Many such moves come off as gimmicky. Emily Mann's A Seagull in the Hamptons, in its Shotgun Players West Coast premiere at Ashby Stage, is a bright exception. The satire of theatrical and literary artistes in Chekhov's "Seagull" makes a bit more sense when moved close to contemporary New York. The tragic notes of the unrequited lovers, self-absorbed elders and despairing youth seem more immediate.
Even set in an upscale Long Island beach community - with names, occupations and cultural references updated and relocated - Mann's rewrite is very faithful to the original in most respects. Chekhov's "comedy in four acts" becomes two, handsomely framed by director Reid Davis on Robert Broadfoot's jutting sandbox of a beach and tasteful living room.
Mann strips away mostly excess verbiage and some subsidiary action to focus on the poignant fates of the aspiring young artists: Alex (Liam Callister), whose playwriting ambitions are belittled by his stage star mother Maria (Trish Mulholland); and his wannabe actress lover Nina (Kelsey Venter), who gets seduced and abandoned by Maria's famous author lover Philip (Alex Moggridge).
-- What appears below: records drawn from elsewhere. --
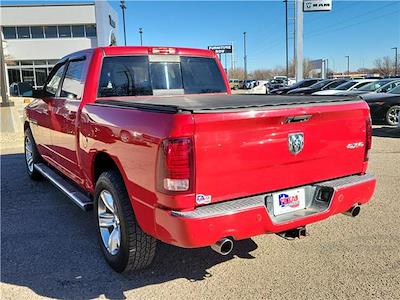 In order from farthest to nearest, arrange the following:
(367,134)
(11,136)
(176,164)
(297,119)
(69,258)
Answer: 1. (11,136)
2. (69,258)
3. (367,134)
4. (297,119)
5. (176,164)

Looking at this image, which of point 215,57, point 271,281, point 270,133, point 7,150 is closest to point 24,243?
point 271,281

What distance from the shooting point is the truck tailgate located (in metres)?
2.84

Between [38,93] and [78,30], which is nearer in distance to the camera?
[38,93]

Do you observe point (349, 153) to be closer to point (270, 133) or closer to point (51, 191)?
point (270, 133)

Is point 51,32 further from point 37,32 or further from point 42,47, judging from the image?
point 42,47

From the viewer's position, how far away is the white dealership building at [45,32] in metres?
45.1

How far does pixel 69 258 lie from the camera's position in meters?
3.99

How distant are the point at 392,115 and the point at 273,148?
11.4m

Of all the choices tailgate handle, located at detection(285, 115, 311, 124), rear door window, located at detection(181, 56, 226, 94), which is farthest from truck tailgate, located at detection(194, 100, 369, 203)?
rear door window, located at detection(181, 56, 226, 94)

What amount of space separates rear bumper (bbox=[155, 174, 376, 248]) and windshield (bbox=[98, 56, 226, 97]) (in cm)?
216

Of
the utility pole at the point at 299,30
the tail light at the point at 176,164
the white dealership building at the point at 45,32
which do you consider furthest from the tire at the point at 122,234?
the white dealership building at the point at 45,32

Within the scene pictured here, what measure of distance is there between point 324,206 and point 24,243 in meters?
3.12

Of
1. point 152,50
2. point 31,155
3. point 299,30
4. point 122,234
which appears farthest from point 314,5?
point 122,234

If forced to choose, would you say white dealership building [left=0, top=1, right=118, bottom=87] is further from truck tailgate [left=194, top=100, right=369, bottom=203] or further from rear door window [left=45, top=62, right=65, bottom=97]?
truck tailgate [left=194, top=100, right=369, bottom=203] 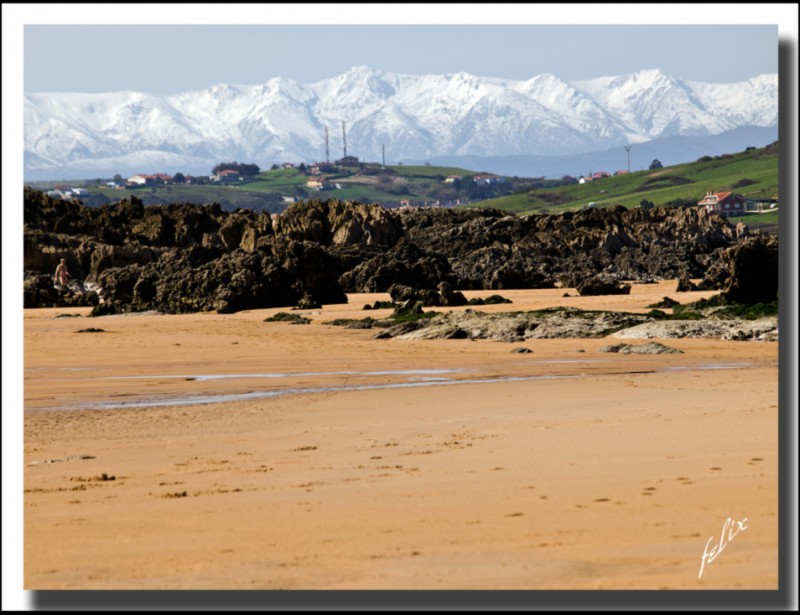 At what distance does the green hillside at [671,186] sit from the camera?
477 feet

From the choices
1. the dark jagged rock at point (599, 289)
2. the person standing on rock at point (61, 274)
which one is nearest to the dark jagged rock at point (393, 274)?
the dark jagged rock at point (599, 289)

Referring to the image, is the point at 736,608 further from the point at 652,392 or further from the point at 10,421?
the point at 652,392

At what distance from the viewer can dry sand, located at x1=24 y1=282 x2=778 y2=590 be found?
20.9 ft

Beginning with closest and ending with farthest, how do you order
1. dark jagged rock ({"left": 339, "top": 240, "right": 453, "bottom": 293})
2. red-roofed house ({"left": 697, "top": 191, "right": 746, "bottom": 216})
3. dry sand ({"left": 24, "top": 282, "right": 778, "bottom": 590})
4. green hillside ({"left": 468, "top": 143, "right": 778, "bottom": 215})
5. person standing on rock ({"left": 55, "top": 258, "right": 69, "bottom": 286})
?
1. dry sand ({"left": 24, "top": 282, "right": 778, "bottom": 590})
2. dark jagged rock ({"left": 339, "top": 240, "right": 453, "bottom": 293})
3. person standing on rock ({"left": 55, "top": 258, "right": 69, "bottom": 286})
4. red-roofed house ({"left": 697, "top": 191, "right": 746, "bottom": 216})
5. green hillside ({"left": 468, "top": 143, "right": 778, "bottom": 215})

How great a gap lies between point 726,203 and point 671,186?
1359 inches

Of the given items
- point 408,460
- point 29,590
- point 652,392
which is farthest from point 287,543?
point 652,392

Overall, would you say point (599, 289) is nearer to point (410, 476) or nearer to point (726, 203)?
point (410, 476)

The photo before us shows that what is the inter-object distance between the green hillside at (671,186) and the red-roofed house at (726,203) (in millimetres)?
3848

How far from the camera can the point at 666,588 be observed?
19.0ft

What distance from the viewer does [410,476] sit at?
372 inches

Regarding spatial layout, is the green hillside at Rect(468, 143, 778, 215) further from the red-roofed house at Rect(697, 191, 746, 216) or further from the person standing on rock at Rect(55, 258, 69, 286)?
the person standing on rock at Rect(55, 258, 69, 286) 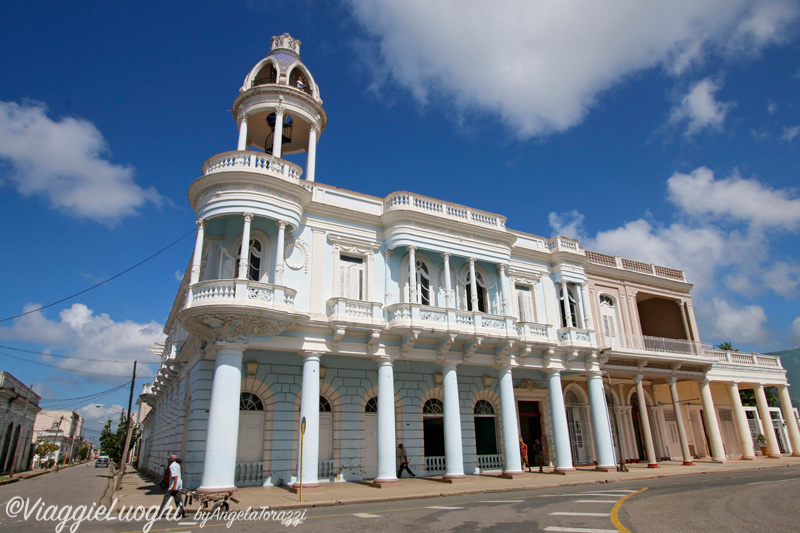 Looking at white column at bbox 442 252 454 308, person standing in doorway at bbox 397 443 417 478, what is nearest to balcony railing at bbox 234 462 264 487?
person standing in doorway at bbox 397 443 417 478

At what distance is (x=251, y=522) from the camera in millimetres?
10414

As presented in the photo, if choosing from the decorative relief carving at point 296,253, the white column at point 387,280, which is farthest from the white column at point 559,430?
the decorative relief carving at point 296,253

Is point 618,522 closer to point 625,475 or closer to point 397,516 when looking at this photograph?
point 397,516

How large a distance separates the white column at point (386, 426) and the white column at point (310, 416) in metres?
2.30

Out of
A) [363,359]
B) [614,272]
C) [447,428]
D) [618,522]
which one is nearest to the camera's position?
[618,522]

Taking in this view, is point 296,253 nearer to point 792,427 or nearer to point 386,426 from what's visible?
point 386,426

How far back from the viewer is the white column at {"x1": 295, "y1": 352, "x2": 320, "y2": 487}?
15.7 meters

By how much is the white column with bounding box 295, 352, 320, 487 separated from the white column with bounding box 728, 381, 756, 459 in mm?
26752

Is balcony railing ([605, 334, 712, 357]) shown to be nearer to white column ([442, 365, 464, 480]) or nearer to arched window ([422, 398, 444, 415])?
arched window ([422, 398, 444, 415])

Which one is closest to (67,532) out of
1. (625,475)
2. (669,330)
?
(625,475)

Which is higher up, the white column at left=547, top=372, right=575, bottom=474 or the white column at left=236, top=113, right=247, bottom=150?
the white column at left=236, top=113, right=247, bottom=150

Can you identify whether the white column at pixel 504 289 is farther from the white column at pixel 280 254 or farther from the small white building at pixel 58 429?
the small white building at pixel 58 429

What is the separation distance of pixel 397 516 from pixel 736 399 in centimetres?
2871

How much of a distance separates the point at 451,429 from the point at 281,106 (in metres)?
15.2
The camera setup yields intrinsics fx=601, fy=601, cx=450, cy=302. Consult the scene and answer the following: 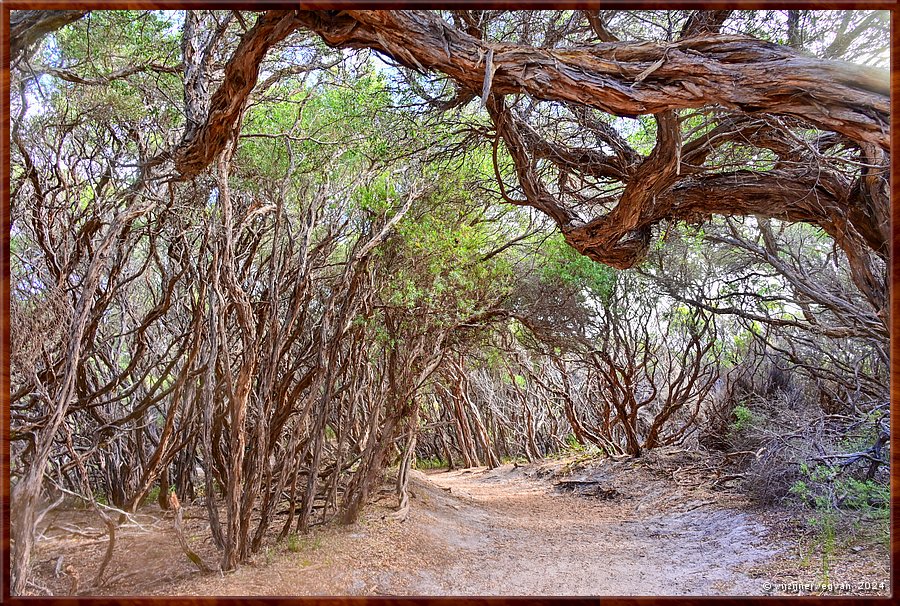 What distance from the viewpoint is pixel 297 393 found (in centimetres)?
399

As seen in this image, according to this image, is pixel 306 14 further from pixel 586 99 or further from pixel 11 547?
pixel 11 547

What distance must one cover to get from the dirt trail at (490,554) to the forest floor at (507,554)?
11 millimetres

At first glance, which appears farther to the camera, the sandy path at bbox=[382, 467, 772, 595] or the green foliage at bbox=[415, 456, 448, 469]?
the green foliage at bbox=[415, 456, 448, 469]

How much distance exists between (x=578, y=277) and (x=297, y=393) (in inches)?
136

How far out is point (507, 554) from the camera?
3859 millimetres

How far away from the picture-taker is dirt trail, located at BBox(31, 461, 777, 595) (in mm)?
3062

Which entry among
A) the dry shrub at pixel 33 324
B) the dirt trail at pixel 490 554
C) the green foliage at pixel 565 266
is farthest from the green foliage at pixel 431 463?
the dry shrub at pixel 33 324

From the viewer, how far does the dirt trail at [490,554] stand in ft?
10.0

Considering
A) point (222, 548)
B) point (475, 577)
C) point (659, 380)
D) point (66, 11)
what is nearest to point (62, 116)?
point (66, 11)

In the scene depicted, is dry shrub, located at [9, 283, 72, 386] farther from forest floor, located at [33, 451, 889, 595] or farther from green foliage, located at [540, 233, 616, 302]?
green foliage, located at [540, 233, 616, 302]

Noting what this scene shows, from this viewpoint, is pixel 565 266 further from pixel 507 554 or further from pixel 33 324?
pixel 33 324

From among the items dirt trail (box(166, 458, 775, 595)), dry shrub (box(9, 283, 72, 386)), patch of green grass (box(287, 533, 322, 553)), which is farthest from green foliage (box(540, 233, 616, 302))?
dry shrub (box(9, 283, 72, 386))

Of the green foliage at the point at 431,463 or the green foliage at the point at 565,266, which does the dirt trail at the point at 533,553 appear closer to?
the green foliage at the point at 565,266

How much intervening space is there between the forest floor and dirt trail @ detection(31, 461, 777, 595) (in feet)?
0.04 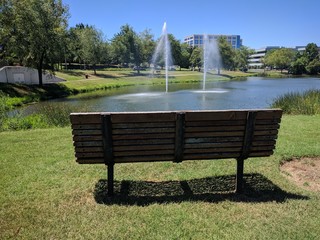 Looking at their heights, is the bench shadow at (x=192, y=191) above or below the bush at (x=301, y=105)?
above

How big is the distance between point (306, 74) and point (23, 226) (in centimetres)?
12192

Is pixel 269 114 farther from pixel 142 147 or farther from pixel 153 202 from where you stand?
pixel 153 202

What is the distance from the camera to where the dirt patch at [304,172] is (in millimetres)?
5168

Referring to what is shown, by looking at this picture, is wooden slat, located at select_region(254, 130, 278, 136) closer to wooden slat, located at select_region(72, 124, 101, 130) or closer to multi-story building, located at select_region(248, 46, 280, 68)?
wooden slat, located at select_region(72, 124, 101, 130)

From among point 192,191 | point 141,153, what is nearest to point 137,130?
point 141,153

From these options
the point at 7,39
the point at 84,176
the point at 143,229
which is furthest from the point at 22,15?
the point at 143,229

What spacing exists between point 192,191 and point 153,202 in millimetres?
706

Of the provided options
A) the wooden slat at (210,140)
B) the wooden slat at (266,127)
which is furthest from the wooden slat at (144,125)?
the wooden slat at (266,127)

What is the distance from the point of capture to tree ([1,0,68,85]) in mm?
33750

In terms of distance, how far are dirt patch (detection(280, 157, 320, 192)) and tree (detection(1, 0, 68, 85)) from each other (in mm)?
33177

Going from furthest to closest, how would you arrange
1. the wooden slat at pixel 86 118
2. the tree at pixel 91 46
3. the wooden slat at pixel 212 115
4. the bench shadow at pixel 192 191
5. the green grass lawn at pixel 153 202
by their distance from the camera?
the tree at pixel 91 46 → the bench shadow at pixel 192 191 → the wooden slat at pixel 212 115 → the wooden slat at pixel 86 118 → the green grass lawn at pixel 153 202

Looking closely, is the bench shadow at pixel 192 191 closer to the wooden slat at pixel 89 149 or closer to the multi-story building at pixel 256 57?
the wooden slat at pixel 89 149

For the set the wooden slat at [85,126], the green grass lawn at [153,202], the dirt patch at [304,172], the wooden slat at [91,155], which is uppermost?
the wooden slat at [85,126]

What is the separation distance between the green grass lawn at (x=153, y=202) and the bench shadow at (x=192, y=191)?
14 millimetres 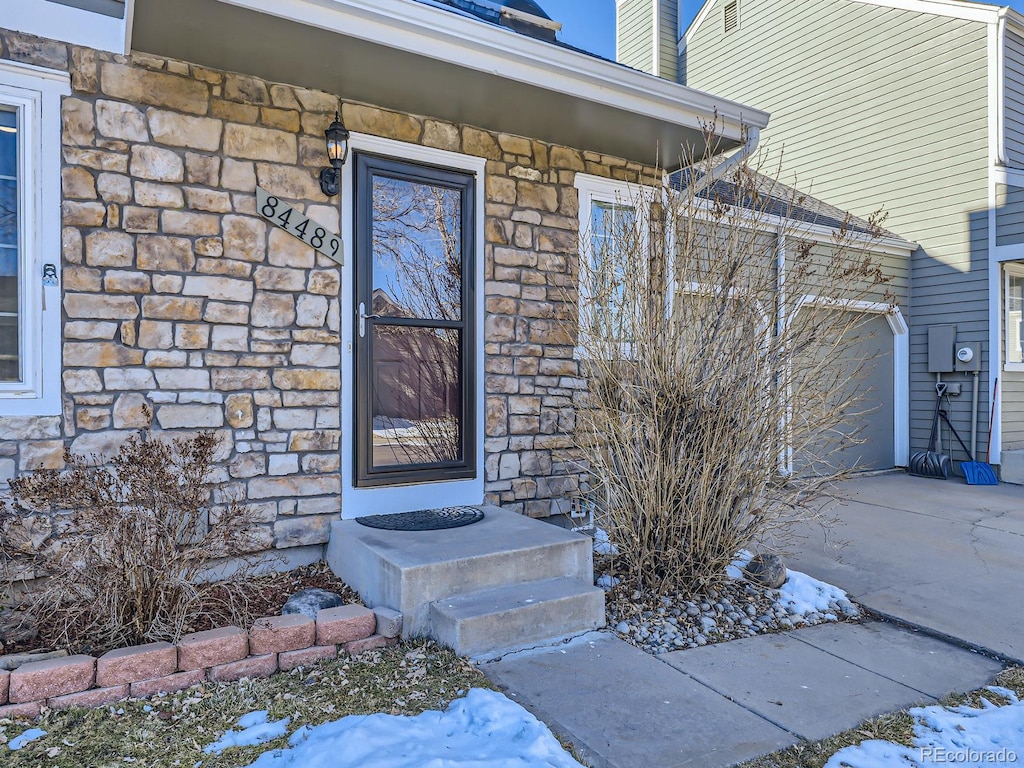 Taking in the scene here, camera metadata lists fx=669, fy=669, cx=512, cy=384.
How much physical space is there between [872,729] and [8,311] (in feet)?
13.0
Anna Ishida's goth-girl Milly, who lusts for Alex, and her suitor, Andy Alabran's nerdy Harold, seem well played but underwritten. Other actors aren't quite as present, though Richard Louis James' kindly uncle and Beth Deitchman's unhappily adulterous Paula register well.
Mann and Davis take Alex's usually lampooned or ambiguous talents and make him more clearly a promising writer, but Callister lacks the depth to carry it off. Venter's buoyant, then distressed Nina anchors her part of the pathos, particularly in her giddy flirtation with Moggridge's callow-urbane Philip. Mulholland is a comically histrionic has-been diva, bristling at a mention of Meryl Streep and ridiculously girlish as Shakespeare's Juliet.
If Chekhov's assertion that this is comedy makes you bristle, that may be his and Mann's point. This Seagull doesn't quite soar, but its flight is worth watching.